In a split with its Canadian sibling, the UAW endorsed President Donald Trump’s 25% tariffs on foreign-made vehicles and parts — the same tariffs Payne called “reckless and dangerous” for the entire integrated auto industry.
Payne told the Free Press on Thursday, the day a new round of tariffs took effect, that she hasn't met with Fain in “some time," adding that she isn't sure where he's getting his labor figures to support the pro-tariff stance.
“I don’t know that I would say we have common goals here. Unifor is opposed to these tariffs that the president of the United States is placing on the Canadian auto industry,” she said.
Both unions claim that one country's auto jobs growth is the other's loss — with Fain stating that the United States has lost jobs to Canada, while Unifor, which represents Canada's autoworkers and has roots as part of the UAW, claims the opposite.
Meanwhile, one Detroit Three automaker, Stellantis, is already stalling Canadian production of vehicles, leading to what are said to be temporary layoffs in the United States.
On Wednesday, Trump did not include Canada in his announcement of sweeping tariffs on 185 countries in a move he called "Liberation Day," although previously announced tariffs on Canadian-made vehicles that don't comply with the United States-Mexico-Canada Agreement would still go into effect this week. Trump's tariffs on imported steel and aluminum remain a factor as do retaliatory actions from other countries.
Payne said Canada has lost more North American auto production than the United States while U.S. auto production has held steady over the past decade. Payne added that she told automaker leadership in Windsor last week that she intends for the Canadian auto industry to grow in the short term.

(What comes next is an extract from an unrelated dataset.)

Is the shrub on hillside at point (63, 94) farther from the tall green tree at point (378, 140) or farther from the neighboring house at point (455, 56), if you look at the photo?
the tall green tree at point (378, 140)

“We’ve been very clear that we expect not only to maintain the footprint and facilities and plants that we have in Canada, the supply chain that we have in Canada, but our expectation is that we grow it,” she said. “If you’re going to sell cars in Canada, we expect you to have a footprint in Canada. I think that’s a pretty simple notion.”
Meanwhile, workers on both sides of the border appear to be at risk. The tariff declaration prompted Stellantis, owner of the Jeep, Ram, Chrysler, Dodge and Fiat brands, to pause production at some of its assembly plants in Mexico and Canada, including Windsor Assembly in Ontario. That pause also hit U.S. workers, with temporary layoffs at plants in Michigan and Indiana. The facilities in those states support production in Canada and Mexico.
Reckless and dangerous
Unifor's position stands in contrast to what the UAW leader told reporters last week after an appearance at the Walter P. Reuther Library, Archives of Labor and Urban Affairs at Wayne State University. Fain said that even if the Detroit Three slide production to the United States, “there’s plenty of work to go around for all of us.”
Any permanent job losses would be the responsibility of the automakers, Fain said, and likely the result of prioritizing short-term profitability over long-term worker welfare.
“At the end of the day, this is what the corporations are doing. They’re trying to pit worker against worker, in America, plant against plant, and if that doesn't work, they pit workers in one country against workers in another country,” Fain said.
Fain praised tariffs, noting that Michigan auto jobs can return “immediately” once tariffs pressure U.S. automakers to add shifts at underutilized plants — and that “corporate greed” is the only reason carmakers would raise prices.
But the two-way trade in automotive goods of roughly $160 billion per year is “split virtually down the middle in near perfect balance” between both countries, a delicate relationship that Trump threatens under tariffs, Payne said.
The UAW has called on U.S. automakers to swallow the additional costs associated with tariffs on behalf of their shareholders, workers and customers.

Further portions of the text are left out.